> **AIM OF THE TASK**: Even if the data beneath seems repetitive, write it all out again exactly.

> **PROVIDED INFORMATION**:

***

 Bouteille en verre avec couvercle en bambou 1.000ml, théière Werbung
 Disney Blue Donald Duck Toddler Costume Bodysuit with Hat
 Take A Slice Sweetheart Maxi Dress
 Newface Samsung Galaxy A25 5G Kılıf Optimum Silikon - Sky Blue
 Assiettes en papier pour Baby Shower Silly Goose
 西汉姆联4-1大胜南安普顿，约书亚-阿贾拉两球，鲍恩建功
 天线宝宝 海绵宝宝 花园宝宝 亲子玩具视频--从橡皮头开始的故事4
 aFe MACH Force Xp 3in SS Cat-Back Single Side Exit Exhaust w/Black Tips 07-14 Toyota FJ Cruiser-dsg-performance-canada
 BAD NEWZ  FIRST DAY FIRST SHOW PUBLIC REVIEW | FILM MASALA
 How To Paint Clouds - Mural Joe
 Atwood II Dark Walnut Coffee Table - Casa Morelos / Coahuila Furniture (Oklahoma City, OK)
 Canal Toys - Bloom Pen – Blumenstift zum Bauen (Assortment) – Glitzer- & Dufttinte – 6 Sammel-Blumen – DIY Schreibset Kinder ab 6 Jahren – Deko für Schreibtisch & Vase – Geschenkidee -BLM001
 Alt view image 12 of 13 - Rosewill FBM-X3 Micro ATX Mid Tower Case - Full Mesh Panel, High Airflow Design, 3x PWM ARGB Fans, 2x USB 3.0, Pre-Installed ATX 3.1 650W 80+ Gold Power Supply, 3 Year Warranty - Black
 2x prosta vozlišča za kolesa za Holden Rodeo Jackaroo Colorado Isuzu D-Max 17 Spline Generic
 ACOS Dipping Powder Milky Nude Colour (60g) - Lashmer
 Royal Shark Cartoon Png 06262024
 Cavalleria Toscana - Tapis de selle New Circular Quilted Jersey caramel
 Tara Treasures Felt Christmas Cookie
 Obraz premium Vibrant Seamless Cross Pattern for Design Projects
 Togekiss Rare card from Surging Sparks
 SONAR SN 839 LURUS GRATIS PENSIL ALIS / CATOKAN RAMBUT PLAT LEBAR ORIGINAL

***

> **WRITTEN REPLY**:
 Bouteille en verre avec couvercle en bambou 1.000ml, théière Werbung
 Disney Blue Donald Duck Toddler Costume Bodysuit with Hat
 Take A Slice Sweetheart Maxi Dress
 Newface Samsung Galaxy A25 5G Kılıf Optimum Silikon - Sky Blue
 Assiettes en papier pour Baby Shower Silly Goose
 西汉姆联4-1大胜南安普顿，约书亚-阿贾拉两球，鲍恩建功
 天线宝宝 海绵宝宝 花园宝宝 亲子玩具视频--从橡皮头开始的故事4
 aFe MACH Force Xp 3in SS Cat-Back Single Side Exit Exhaust w/Black Tips 07-14 Toyota FJ Cruiser-dsg-performance-canada
 BAD NEWZ  FIRST DAY FIRST SHOW PUBLIC REVIEW | FILM MASALA
 How To Paint Clouds - Mural Joe
 Atwood II Dark Walnut Coffee Table - Casa Morelos / Coahuila Furniture (Oklahoma City, OK)
 Canal Toys - Bloom Pen – Blumenstift zum Bauen (Assortment) – Glitzer- & Dufttinte – 6 Sammel-Blumen – DIY Schreibset Kinder ab 6 Jahren – Deko für Schreibtisch & Vase – Geschenkidee -BLM001
 Alt view image 12 of 13 - Rosewill FBM-X3 Micro ATX Mid Tower Case - Full Mesh Panel, High Airflow Design, 3x PWM ARGB Fans, 2x USB 3.0, Pre-Installed ATX 3.1 650W 80+ Gold Power Supply, 3 Year Warranty - Black
 2x prosta vozlišča za kolesa za Holden Rodeo Jackaroo Colorado Isuzu D-Max 17 Spline Generic
 ACOS Dipping Powder Milky Nude Colour (60g) - Lashmer
 Royal Shark Cartoon Png 06262024
 Cavalleria Toscana - Tapis de selle New Circular Quilted Jersey caramel
 Tara Treasures Felt Christmas Cookie
 Obraz premium Vibrant Seamless Cross Pattern for Design Projects
 Togekiss Rare card from Surging Sparks
 SONAR SN 839 LURUS GRATIS PENSIL ALIS / CATOKAN RAMBUT PLAT LEBAR ORIGINAL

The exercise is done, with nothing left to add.